Module 05: Software Boundaries and Reproducible Rules

Page Maps

graph LR
  family["Reproducible Research"]
  program["Deep Dive Snakemake"]
  section["Software Boundaries Reproducible Rules"]
  page["Module 05: Software Boundaries and Reproducible Rules"]
  capstone["Capstone evidence"]

  family --> program --> section --> page
  page -.applies in.-> capstone
flowchart LR
  orient["Orient on the page map"] --> read["Read the main claim and examples"]
  read --> inspect["Inspect the related code, proof, or capstone surface"]
  inspect --> verify["Run or review the verification path"]
  verify --> apply["Apply the idea back to the module and capstone"]

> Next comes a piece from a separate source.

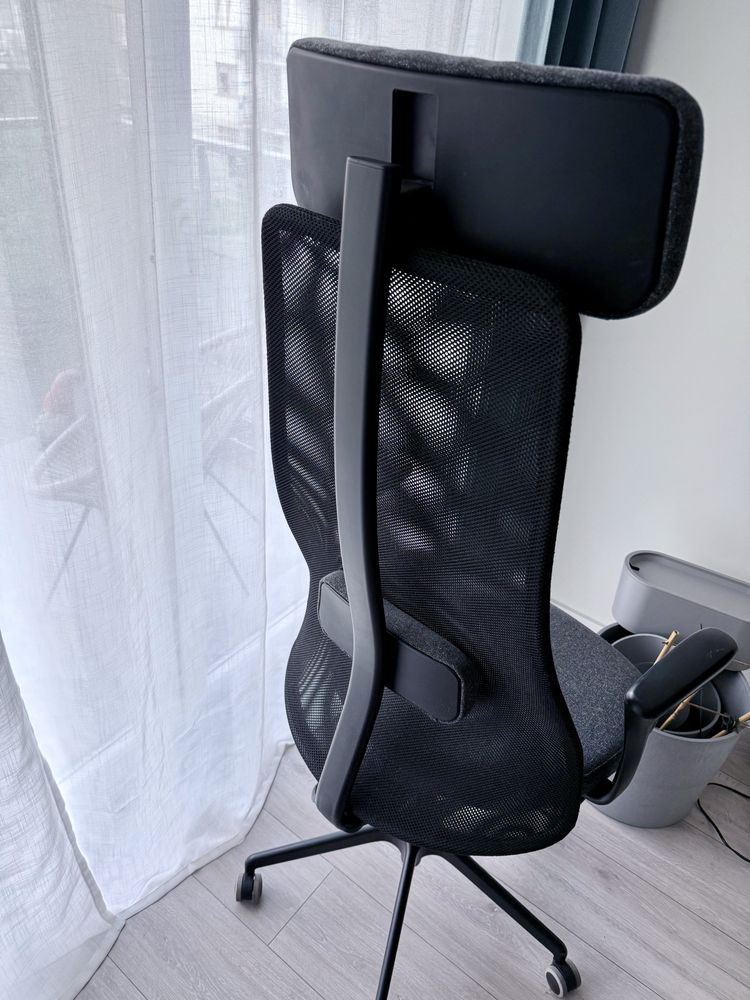 Krzesło IKEA Jarvfjallet czarne, stan b.db, miekkie siedzisko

Modules 01 to 04 teach workflow truth, dynamic discipline, production policy, and repository scaling. Module 05 asks the next boundary question:

where does Snakemake stop, and where should software implementation begin?

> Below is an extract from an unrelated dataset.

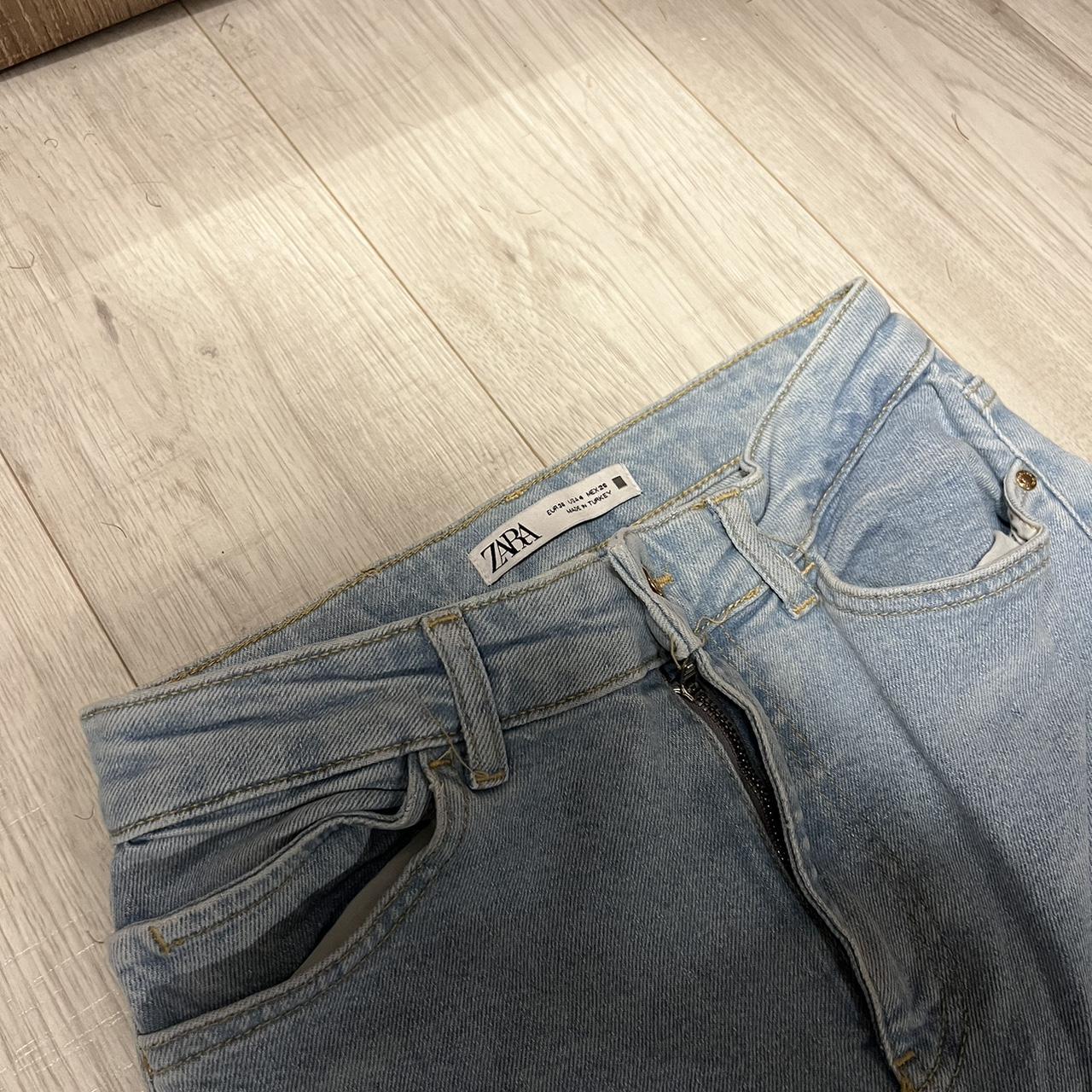 Zara FLARED denim jeans Size 6/8 High waist, full... - Depop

This module is about making that line explicit. Scripts, packages, environments, containers, and helper code matter only when another engineer can still explain what the workflow owns, what the software owns, and what changed when a run becomes unreproducible.

What this module is for

By the end of this module, you should be able to explain five things in plain language:

  • when logic belongs in a rule and when it belongs in a script or package
  • how environments and runtime images become semantic workflow inputs
  • how helper code can stay reusable without hiding file contracts
  • what software provenance is needed to defend a rerun or code review later
  • which failure modes mean "repair the workflow boundary" and which mean "repair the software boundary"

Study route

flowchart TD
  start["Overview"] --> core1["Rule Logic, Scripts, and Software Ownership"]
  core1 --> core2["Environments, Containers, and Runtime Contracts"]
  core2 --> core3["Helper Code, Packages, and Reusable Boundaries"]
  core3 --> core4["Software Provenance, Drift, and Rebuild Evidence"]
  core4 --> core5["Failure Modes at the Software Boundary"]
  core5 --> example["Worked Example: Moving a Workflow Across the Software Boundary Safely"]
  example --> practice["Exercises"]
  practice --> answers["Exercise Answers"]
  answers --> glossary["Glossary"]

Read the module in that order the first time. When you return later, jump straight to the page that matches the software-boundary decision in front of you.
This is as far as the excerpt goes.